1825766 Members
2432 Online
109687 Solutions
New Discussion

Re: Unexpected Shutdown

 
MAD_2
Super Advisor

Unexpected Shutdown

We have a RP-5470 running HP-UX 11.0 and there was a sudden and unexpected shutdown. Unfortunately, at the time this happened, EMS was turned off, so the only detail I have is from the shutdownlog
++++++++++++++++++++++++++++++++++++++++++++
14:28 Tue Jan 27 2004. Reboot after panic: , isr.ior = 0'1034090c.80000000'7
f3c3370
++++++++++++++++++++++++++++++++++++++++++++

However, I am not sure exactly what this means.

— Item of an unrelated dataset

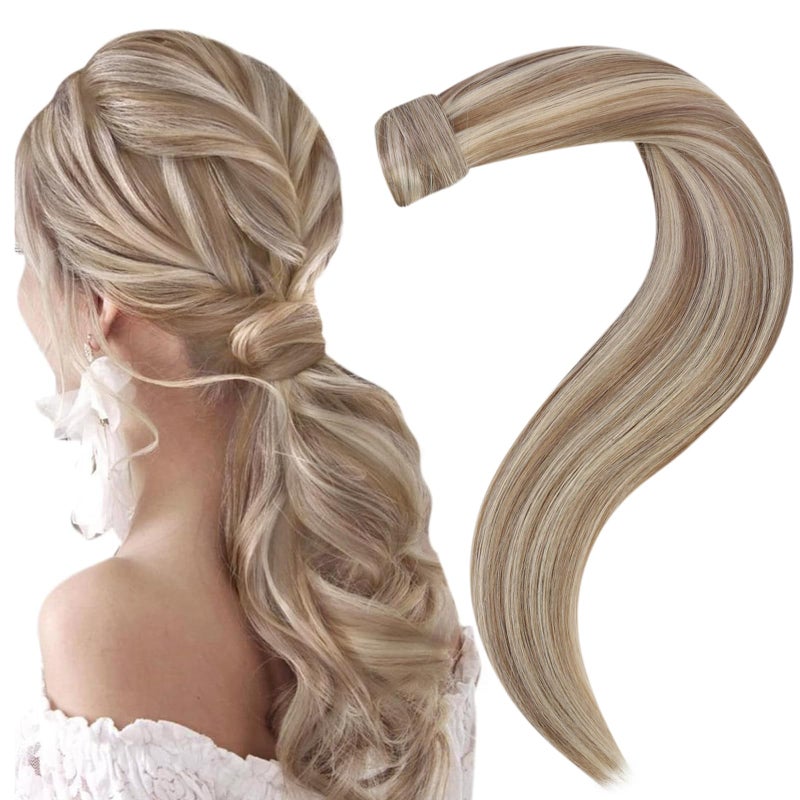 Easyouth Human Hair Ponytail Extension Highlight Pony Tails Hair Extensions Brown Highlighted Blonde Human Hair Ponytail Extension Easy to Apply and Remove 16 Inch 80g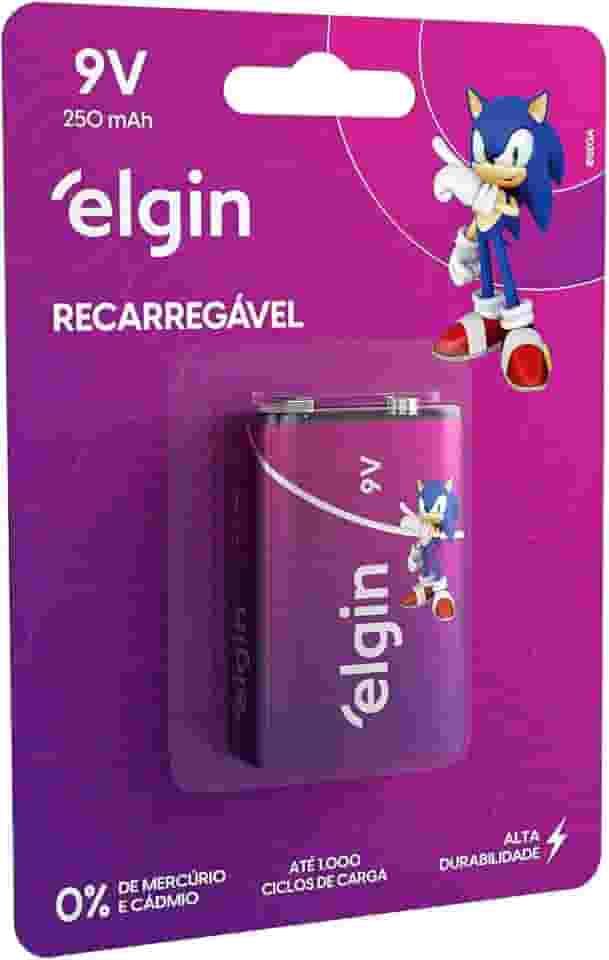 Bateria Recarregável 250mAh Elgin com 1 unidade 9V Pilha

There was someone working behind the servers and I suspect it could have been an accidental power cable pull, but I can't prove that was the case at this moment.

Is there another way I can tell what happened? The server just suddenly went down!

Thanks for any ideas.
Contrary to popular belief, Unix is user friendly. It's just very particular about who it makes friends with
11 REPLIES 11
Helen French
Honored Contributor

Re: Unexpected Shutdown

Did you check the OLDsyslog.log file? Look there for any more details. Also, look at root mail if you have any error notifications.
Life is a promise, fulfill it!
Steven E. Protter
Exalted Contributor

Re: Unexpected Shutdown

Most likely you have a crash dump.

Its in /var/adm/crash

as a subdirectory.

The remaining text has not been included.